Cement-based batteries to turn concrete buildings into giant energy reserves

Cement-based batteries to turn concrete buildings into giant energy reserves


Researchers at Chalmers University of Technology in Sweden have published unique research into the idea of rechargeable batteries made from cement. The team, led by Dr Emma Zhang and Prof Luping Tang at the institution’s Department of Architecture and Civil Engineering, believes the development of this technology may yield a future where 20-storey concrete buildings can store energy as one giant battery.

The concept for Chalmers’ battery system begins with a cement-based mixture, to which small amounts of short carbon fibres are added to increase the material’s conductivity. A metal-coated carbon fibre mesh is then embedded within the mixture, with iron for the anode and nickel for the cathode, forming a high-strength battery system on an architectural or urban scale.

The research, published in the scientific journal Buildings, estimates that the new battery’s capacity performs 10 times higher than earlier attempts at concrete batteries. The energy density of the battery, seven watthours per square metre, is still low in comparison to commercial batteries. However, the team believes this is negated by the large volumes at which the battery can be constructed when used in a building’s structural and façade systems.

If used at scale, the researchers see the technology as offering an alternative response to the energy crisis. As concrete is one of the world’s most common, but least environmentally friendly building materials, the application of functions such as energy storage could offer a new dimension to how concrete is used in future buildings.

“We have a vision that in the future this technology could allow for whole sections of multi-storey buildings made of functional concrete. Considering that any concrete surface could have a layer of this electrode embedded, we are talking about enormous volumes of functional concrete,” says Zhang.

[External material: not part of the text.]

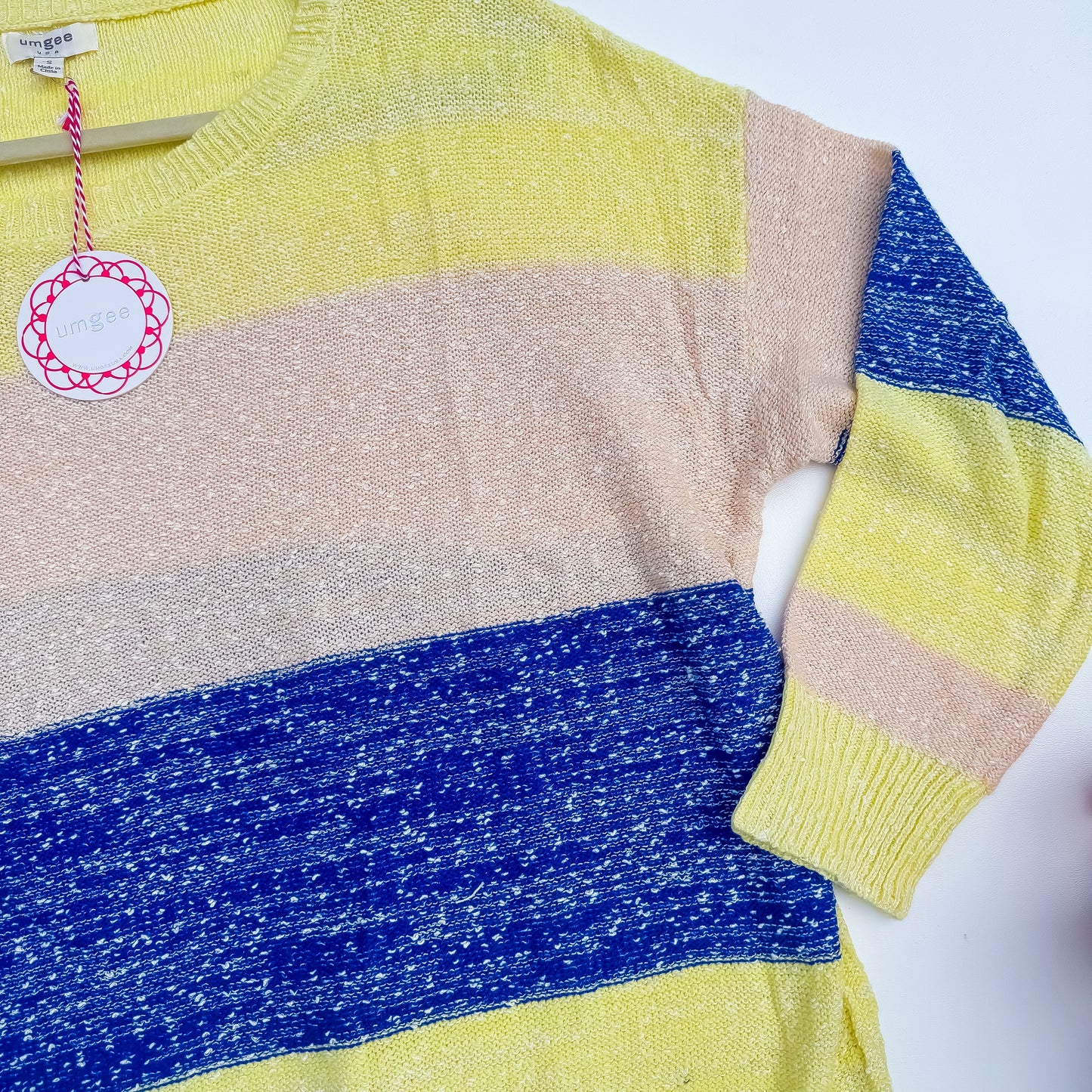 Lemon Sorbet Color Block Lightweight Sweater close-up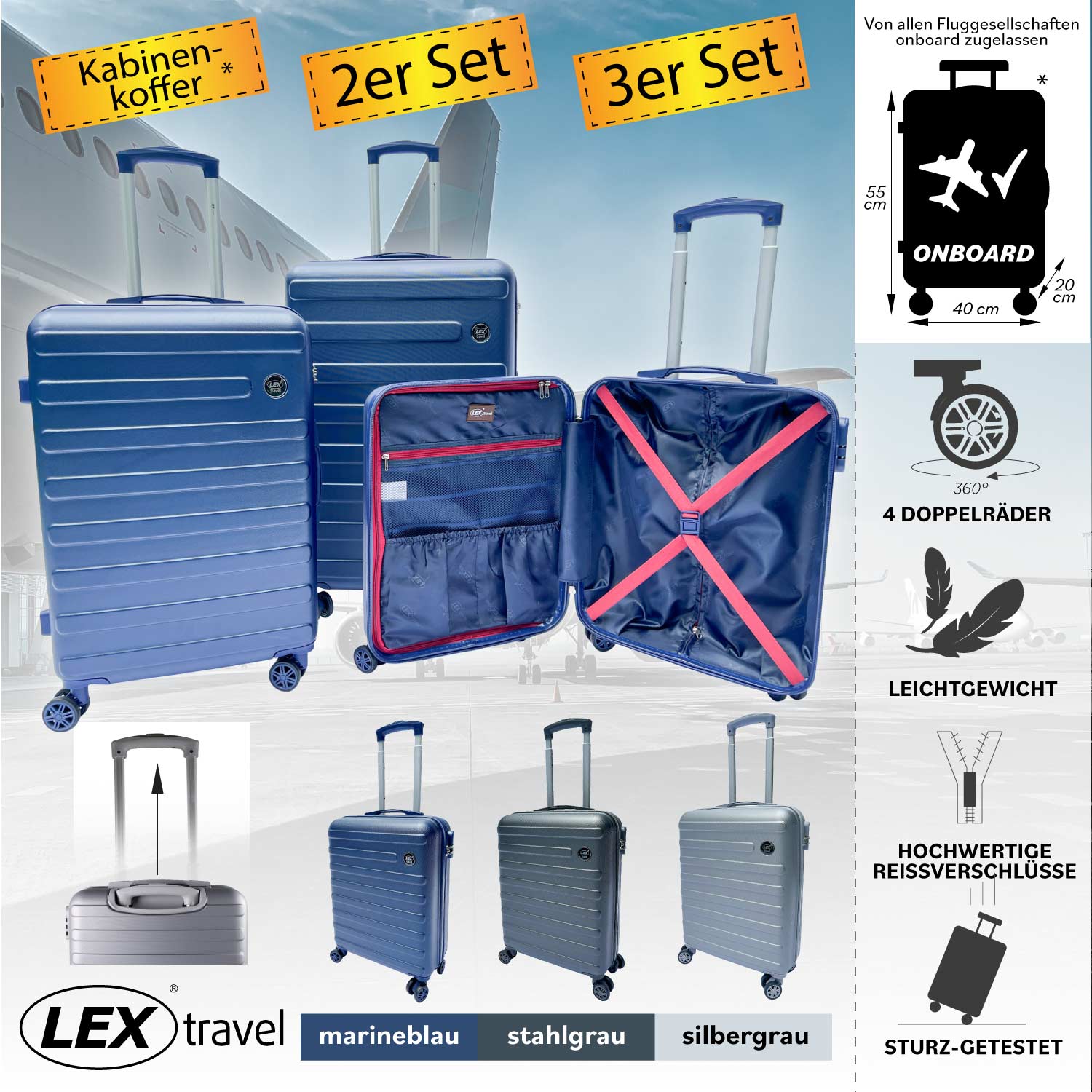Hartschale Reisekoffer Handgepäck S/M/L+Set Kabinenkoffer ultraleicht Trolley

The team points to the battery’s recharging capability as a vehicle for multiple applications. Aside from energy storage, the system could power LEDs, provide 4G connections in remote areas or offer cathodic protection against corrosion in concrete infrastructure.

“It could also be coupled with solar cell panels for example, to provide electricity and become the energy source for monitoring systems in highways or bridges, where sensors operated by a concrete battery could detect cracking or corrosion,” Zhang explains.

Though promising, the research remains at an early stage. The team is now working on solutions to technical questions such as how the service life of the batteries could be prolonged to match those of concrete structures, and how the material may be recycled.

“Since concrete infrastructure is usually built to last 50 or even 100 years, the batteries would need to be refined to match this, or to be easier to exchange and recycle when their service life is over,” says Zhang. “For now, this offers a major challenge from a technical point of view.”